Perubahan-Perubahan Itu

34 4 4
                                    

Dua hari ini bangun tidur liatnya langsung bang Sakti yang udah ganteng maksimal pakai setelan kerja. Celana bahan hitam dan kemeja putih gading yang lengannya digulung sampai siku, rambut cepak dan udah kelimis abis.

Gak hanya rambutnya, bibirnya juga kelimis banget kalau lagi ngomel-ngomel gini.

"Kamu ceroboh banget si de, tidur di sofa, pintu depan gak kamu kunci. kalau sampai ada yang masuk gimana? Barang-barang hilang bisa beli lagi, nah kalau kamu yang hilang Bunda sama Ayah emang punya duplikatnya?

Nyaring amat bang. Abis sarapan keroto pasti. Batinku.

Aku hanya bisa misuh-misuh di ruang makan. Semacam kunci kali ada duplikatnya.

"Heh, kuyu amat tampang lo," aku sudah duduk manis di kantin belakang perpustakaan menunggu cewek yang barusan nyinyir. "Abis berantem ya semalem sama Hangga terus nangis sampai pagi."

"Gileee ye bibir lo lemes banget," dia tertawa keras sambil mencubit pipiku.

"Iya iya, ngambek sih. Terus kenapa beib?"

"Pagi-pagi gue udah kena omel abang gara-gara semalam gue tidur di sofa ruang tamu, tanpa ganti baju dan lepas sepatu. Pas malamnya baik, dia lepas sepatu gue trus gendong gue ke kamar. Paginya dah abis."

Kali ini tawanya semakin keras, beruntung banget ngajak dia ke sini. Bukan ke kantin depan. Rooming banget.

"Gue kebayang sih kalau bang Sakti ngomel. Pelan tapi jleb," kemudian tertawa lagi.

"Eh anak gadis ketawanya keras amat," aku melirik ke kanan, kak Renji sudah duduk di sebelah Clarissa.

Auto silent. Hahaha sukulin.

"Kak... Lo.... ngapain?" tanyanya panik, suaranya terbata. Lucu kalau liat dia panik begini, biasanya kan heboh.

"Makan lah, masa nyariin lo," jawabnya santai. Aku masih fokus melihat mereka berdua di hadapanku. Sebenarnya mereka sama-sama salah tingkah, tapi Clarissa paling parah sih sampai habisin setengah es jeruknya sekali tenggak sambil tendang kakiku di bawah meja, kalau kak Renji stay cool walaupun beberapa kali menggaruk belakang kepalanya.

Sebelum ada sebuah suara yang sangat familiar mengiang di telingaku, "gak kebalik tuh Ren?"

Skakmatt!

"Diem lu tai,"

Hangga hanya mengangkat bahunya.

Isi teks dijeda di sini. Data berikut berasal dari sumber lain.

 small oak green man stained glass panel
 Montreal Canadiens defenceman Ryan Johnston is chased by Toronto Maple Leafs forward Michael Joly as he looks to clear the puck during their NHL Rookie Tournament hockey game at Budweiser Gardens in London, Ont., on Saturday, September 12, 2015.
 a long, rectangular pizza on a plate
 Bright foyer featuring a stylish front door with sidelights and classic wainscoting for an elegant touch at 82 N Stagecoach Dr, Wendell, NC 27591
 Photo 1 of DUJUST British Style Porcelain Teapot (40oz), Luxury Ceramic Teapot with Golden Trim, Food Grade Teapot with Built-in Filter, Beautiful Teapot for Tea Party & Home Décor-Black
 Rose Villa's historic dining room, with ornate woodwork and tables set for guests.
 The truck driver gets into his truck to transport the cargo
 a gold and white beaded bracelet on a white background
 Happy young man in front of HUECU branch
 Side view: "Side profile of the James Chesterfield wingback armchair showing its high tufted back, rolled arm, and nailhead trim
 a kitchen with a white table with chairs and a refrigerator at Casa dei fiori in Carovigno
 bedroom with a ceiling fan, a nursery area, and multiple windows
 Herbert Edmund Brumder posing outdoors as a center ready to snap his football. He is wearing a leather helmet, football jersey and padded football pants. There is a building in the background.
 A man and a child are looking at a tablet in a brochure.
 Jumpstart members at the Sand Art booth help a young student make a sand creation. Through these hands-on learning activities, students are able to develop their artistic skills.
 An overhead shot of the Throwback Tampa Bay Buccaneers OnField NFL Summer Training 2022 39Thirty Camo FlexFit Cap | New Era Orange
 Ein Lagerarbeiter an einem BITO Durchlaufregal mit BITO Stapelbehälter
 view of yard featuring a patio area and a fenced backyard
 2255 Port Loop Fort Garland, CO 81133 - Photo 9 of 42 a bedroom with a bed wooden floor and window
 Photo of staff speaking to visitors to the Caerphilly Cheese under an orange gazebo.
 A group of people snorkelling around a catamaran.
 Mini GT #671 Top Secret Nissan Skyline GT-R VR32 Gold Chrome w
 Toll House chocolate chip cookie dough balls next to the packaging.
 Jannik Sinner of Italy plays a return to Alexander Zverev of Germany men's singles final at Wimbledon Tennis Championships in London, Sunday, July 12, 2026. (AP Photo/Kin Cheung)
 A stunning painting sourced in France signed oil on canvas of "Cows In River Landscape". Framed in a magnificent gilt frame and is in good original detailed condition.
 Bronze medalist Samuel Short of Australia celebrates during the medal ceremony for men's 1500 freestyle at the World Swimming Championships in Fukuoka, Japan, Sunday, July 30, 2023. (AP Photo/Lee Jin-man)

Hangga pernah bilang kalau kak Renji suka sama Clarissa tapi masih abu-abu karena Clarissanya terlihat cuek ke dia.

Cuek dari Zimbabwe!

Aku tertawa sambil melirik Hangga yang duduk di sebelah kananku, berhadapan dengan kak Renji. Tenang sekali, bertolak belakang waktu tadi di rumahku. Abang langsung mengadukan kecerobohanku malam tadi ke Hangga. Sampai aku berpikir, sepertinya yang cocok jadi anak kandung di rumah itu Hangga deh. Semuanya dipercayakan sampai hal-hal kecil ke Hangga.

Pagi tadi dia jemput aku di rumah, langsung ngomel karena aduanya abang. "Kamu kok bisa-bisanya sih tidur tanpa kunci rumah? Bahaya Andhita, ceroboh banget. Kamu juga kan lagi sakit."

Emosi, langsung aja aku semprot balik. "Iya maaf, abang juga udah ngomel masalah ini." Aku menarik nafas panjang dan menghembuskannya kasar sebelum melanjutkan kalimatku. "Kemarin aku gak sakit, aku salah kirim chat, harusnya ke Clarissa. Ngomongin kamu yang lagi chatting sama Nina," aku mencoba menjelaskannya dengan detail, seperti kebiasaanya.

"Kamu gak mikiran seberapa khawatirnya aku? Hah? Harusnya kamu bilang dong jangan malah bohongin aku. Trus itu lagi masalahnya? Kenapa sih Ta?" dia menatapku tajam, sudah mulai frustasi bicara denganku.